#### [DATA SHOWN]
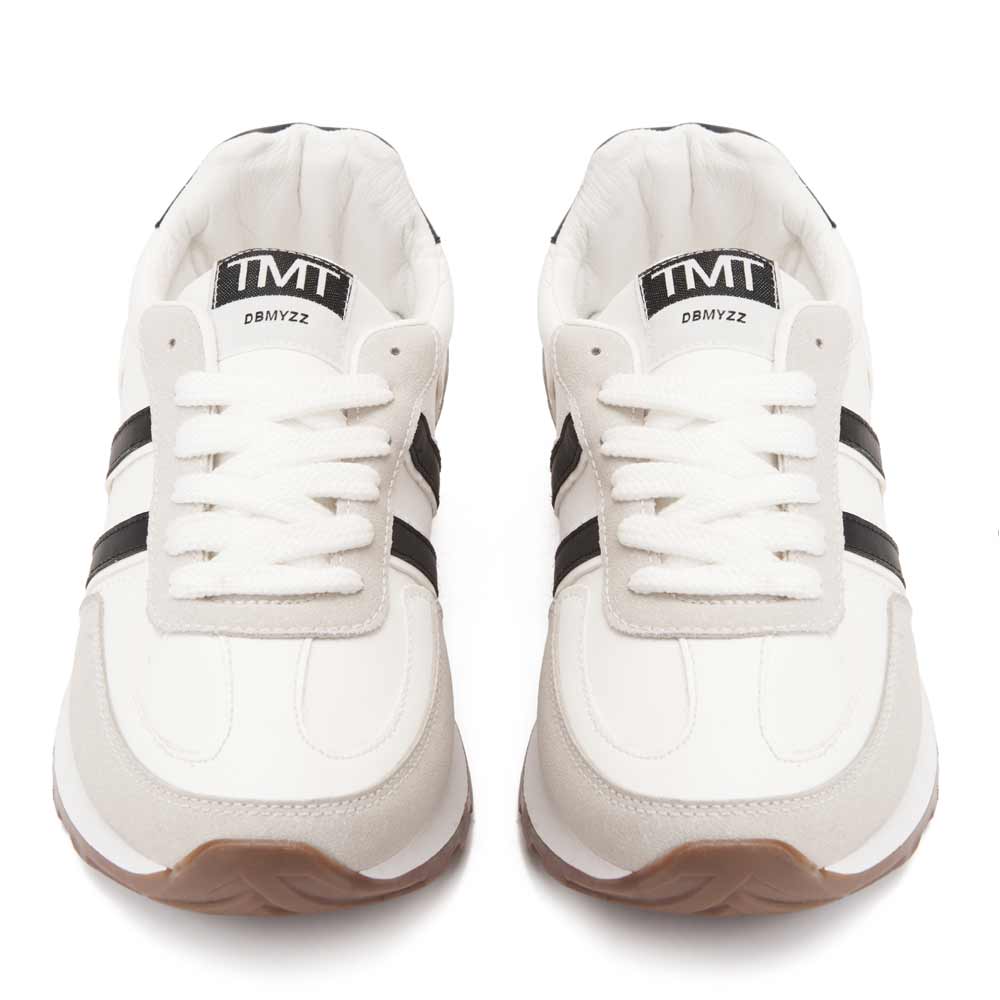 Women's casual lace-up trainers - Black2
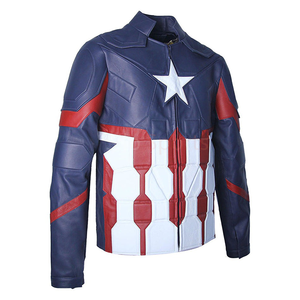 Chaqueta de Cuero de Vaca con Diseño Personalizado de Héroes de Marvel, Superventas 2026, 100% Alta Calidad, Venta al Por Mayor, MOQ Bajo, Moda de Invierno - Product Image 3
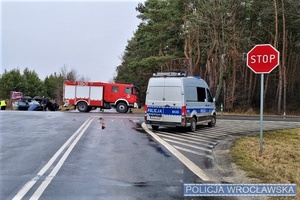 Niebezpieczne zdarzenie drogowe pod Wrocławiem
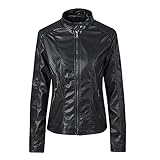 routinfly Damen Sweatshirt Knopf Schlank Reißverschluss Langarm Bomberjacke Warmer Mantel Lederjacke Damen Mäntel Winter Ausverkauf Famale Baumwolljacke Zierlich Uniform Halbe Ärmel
==
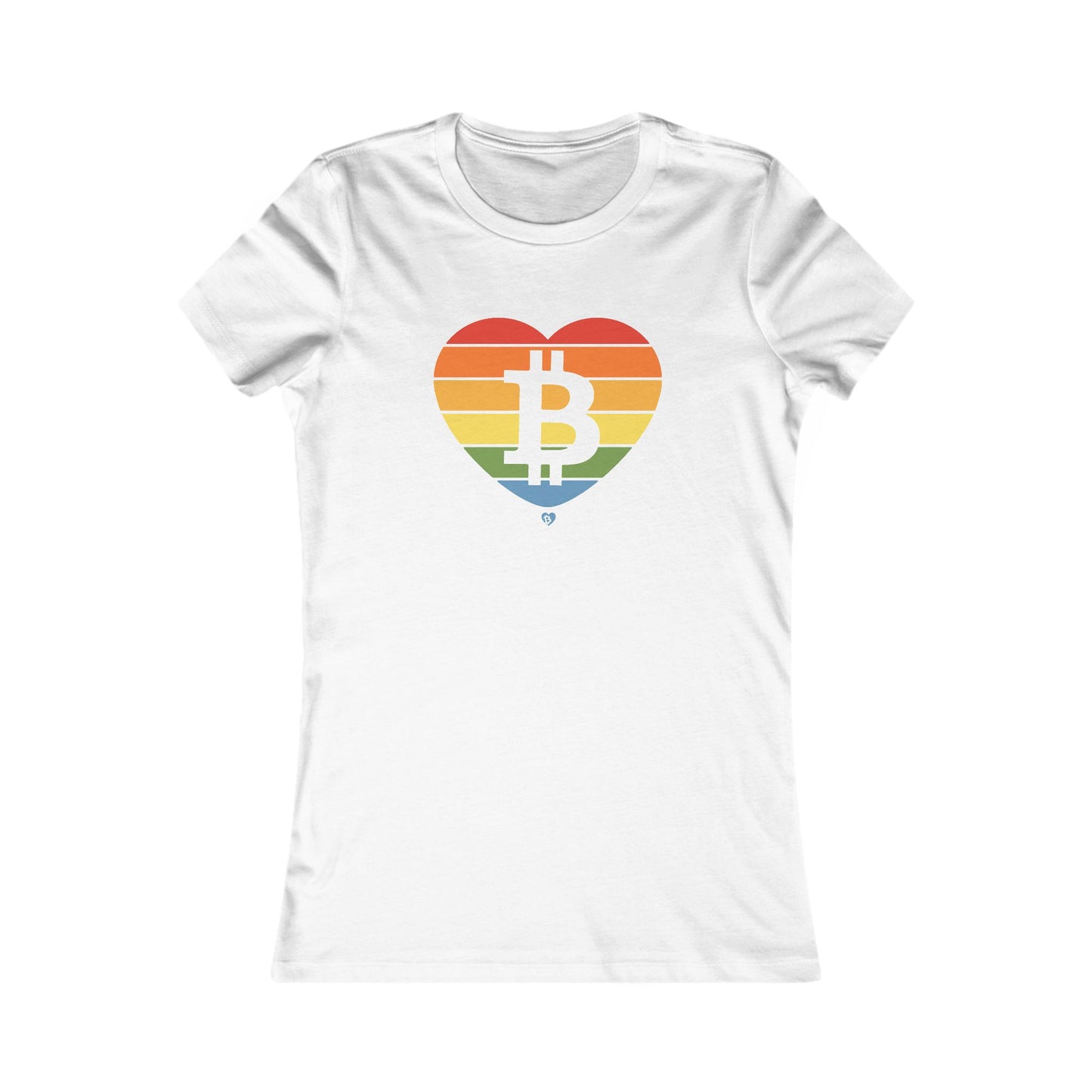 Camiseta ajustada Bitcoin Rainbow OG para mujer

#### [PROBLEM DETAILS]
Copy nothing but the lines above that run from the one with "Chaqueta de Cuero" to the one with "routinfly Damen Sweatshirt", ends included; pictures stay out.

#### [WRITTEN SOLUTION]
 Chaqueta de Cuero de Vaca con Diseño Personalizado de Héroes de Marvel, Superventas 2026, 100% Alta Calidad, Venta al Por Mayor, MOQ Bajo, Moda de Invierno - Product Image 3
 Niebezpieczne zdarzenie drogowe pod Wrocławiem
 routinfly Damen Sweatshirt Knopf Schlank Reißverschluss Langarm Bomberjacke Warmer Mantel Lederjacke Damen Mäntel Winter Ausverkauf Famale Baumwolljacke Zierlich Uniform Halbe Ärmel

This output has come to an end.